PROBLEM TO WORK ON:
Starting at the line that contains "Vittime di Guerra", repeat each line exactly until the records end, keeping both the first and the last.

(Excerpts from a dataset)
_ _ _ _ _
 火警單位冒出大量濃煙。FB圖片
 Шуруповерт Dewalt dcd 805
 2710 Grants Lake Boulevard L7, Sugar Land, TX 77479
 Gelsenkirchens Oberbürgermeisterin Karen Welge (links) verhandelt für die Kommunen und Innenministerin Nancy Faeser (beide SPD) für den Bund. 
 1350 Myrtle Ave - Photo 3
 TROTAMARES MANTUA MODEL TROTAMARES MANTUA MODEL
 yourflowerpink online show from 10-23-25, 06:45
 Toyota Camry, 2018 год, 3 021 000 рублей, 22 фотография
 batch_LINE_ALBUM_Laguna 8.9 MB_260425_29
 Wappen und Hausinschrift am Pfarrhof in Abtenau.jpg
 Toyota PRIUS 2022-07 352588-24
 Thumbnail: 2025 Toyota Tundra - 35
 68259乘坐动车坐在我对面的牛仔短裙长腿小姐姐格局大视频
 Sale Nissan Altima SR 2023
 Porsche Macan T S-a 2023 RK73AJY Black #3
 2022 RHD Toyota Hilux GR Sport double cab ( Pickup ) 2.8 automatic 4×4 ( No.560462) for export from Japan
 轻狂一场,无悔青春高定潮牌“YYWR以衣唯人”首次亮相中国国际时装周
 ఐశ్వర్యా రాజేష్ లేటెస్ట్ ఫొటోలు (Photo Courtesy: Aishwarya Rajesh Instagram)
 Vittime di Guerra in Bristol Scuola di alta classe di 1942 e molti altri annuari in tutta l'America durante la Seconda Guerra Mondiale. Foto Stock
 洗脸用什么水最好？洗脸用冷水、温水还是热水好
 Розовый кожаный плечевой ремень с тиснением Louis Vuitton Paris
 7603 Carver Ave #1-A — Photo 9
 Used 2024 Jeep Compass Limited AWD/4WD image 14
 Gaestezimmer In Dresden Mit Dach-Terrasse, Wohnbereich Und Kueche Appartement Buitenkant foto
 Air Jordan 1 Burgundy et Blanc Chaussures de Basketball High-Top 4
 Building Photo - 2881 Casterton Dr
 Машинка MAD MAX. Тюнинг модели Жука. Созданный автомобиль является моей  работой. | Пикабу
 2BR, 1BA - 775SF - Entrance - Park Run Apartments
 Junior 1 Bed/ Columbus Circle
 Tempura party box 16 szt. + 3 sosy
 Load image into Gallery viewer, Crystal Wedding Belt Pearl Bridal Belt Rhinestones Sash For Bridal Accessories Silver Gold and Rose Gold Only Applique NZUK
_ _ _ _ _
TASK SOLUTION:
 Vittime di Guerra in Bristol Scuola di alta classe di 1942 e molti altri annuari in tutta l'America durante la Seconda Guerra Mondiale. Foto Stock
 洗脸用什么水最好？洗脸用冷水、温水还是热水好
 Розовый кожаный плечевой ремень с тиснением Louis Vuitton Paris
 7603 Carver Ave #1-A — Photo 9
 Used 2024 Jeep Compass Limited AWD/4WD image 14
 Gaestezimmer In Dresden Mit Dach-Terrasse, Wohnbereich Und Kueche Appartement Buitenkant foto
 Air Jordan 1 Burgundy et Blanc Chaussures de Basketball High-Top 4
 Building Photo - 2881 Casterton Dr
 Машинка MAD MAX. Тюнинг модели Жука. Созданный автомобиль является моей  работой. | Пикабу
 2BR, 1BA - 775SF - Entrance - Park Run Apartments
 Junior 1 Bed/ Columbus Circle
 Tempura party box 16 szt. + 3 sosy
 Load image into Gallery viewer, Crystal Wedding Belt Pearl Bridal Belt Rhinestones Sash For Bridal Accessories Silver Gold and Rose Gold Only Applique NZUK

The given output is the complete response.